Now they have only one chalet with oil-fired heating.
All their food is sourced locally where possible from suppliers who can demonstrate ethical credentials.
Some is provided by Al and Kat themselves, including eggs from their chickens, vegetables and fruit from their garden.
And there’s zero food waste.
What’s not eaten goes into a special bin for anaerobic decomposition and is later added to compost for their garden beds.
Clients are also encouraged to do their bit.
Each guest is asked if they would like to make a 9 Euro voluntary contribution to offset the carbon emissions caused by their travel to resort.
The money is invested in environmental projects.

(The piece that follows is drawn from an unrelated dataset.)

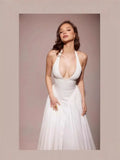Fongt Spring And Summer French Name Deep V-Neck Sexy Hanging Neck Tie Splicing Pressure Folded Waist Thin Sweet Dress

And in January, AliKats has offered up to 20% off for guests who planned to travel by train, opted for a plant-based diet and agreed not to use the hot tub.
Al and Kat are also President and Vice President of the Morzine-based environmental non-profit association, Montagne Verte, which was founded by concerned locals in 2019.
Its aim is to turn the region into the most sustainable tourism destination in the Alps.
It has a popular shop in the centre of town selling donated ‘pre-loved’ ski and other gear.
Increasingly, local businesses are getting involved and making environmental pledges.
From restaurants to the Bec Jaune micro brewery, which brews and sells its own beer at its town centre bar.
But perhaps my favourite environmental initiative in Morzine is one that concerns wildlife protection and preservation.
It can be experienced here only in the winter.
The Aigles du Léman have set up aviaries housing birds of prey on the mountain at the Pointe de Nyon, accessible on skis, snowboards or on foot from the Nyon gondola.
Eva Meyrier lives on site, caring for the birds and passing on her passion and knowledge.
Their main base is at Sciez on Lac Léman (aka Lake Geneva) where they have 80 different species – the largest collection in Europe.
Last year they started a 10-year re-introduction programme for the White-Tailed Sea Eagle (so called because it’s a fish eater, not because it lives by the sea).
Extinct in the wild for 130 years, 4 birds have been born and successfully released so far.
Look out for more of these in the future if the project continues to go to plan……
There are 13 birds of prey in the aviaries from a little owlet to an Andean Condor.
Meet Yule, the Snowy Owl, whose cousin is Hedwig of Harry Potter fame.
I had hoped to race an eagle down the piste – the bird travels up on the chairlift with its handler and is then released to race the skier down the mountain.
Sadly, it was too snowy and windy for the birds to fly outdoors.
But I did get to feed a mighty American Bald Eagle.
Wow, what an experience that was.
And certainly not what I expected to be doing in the middle of a ski trip.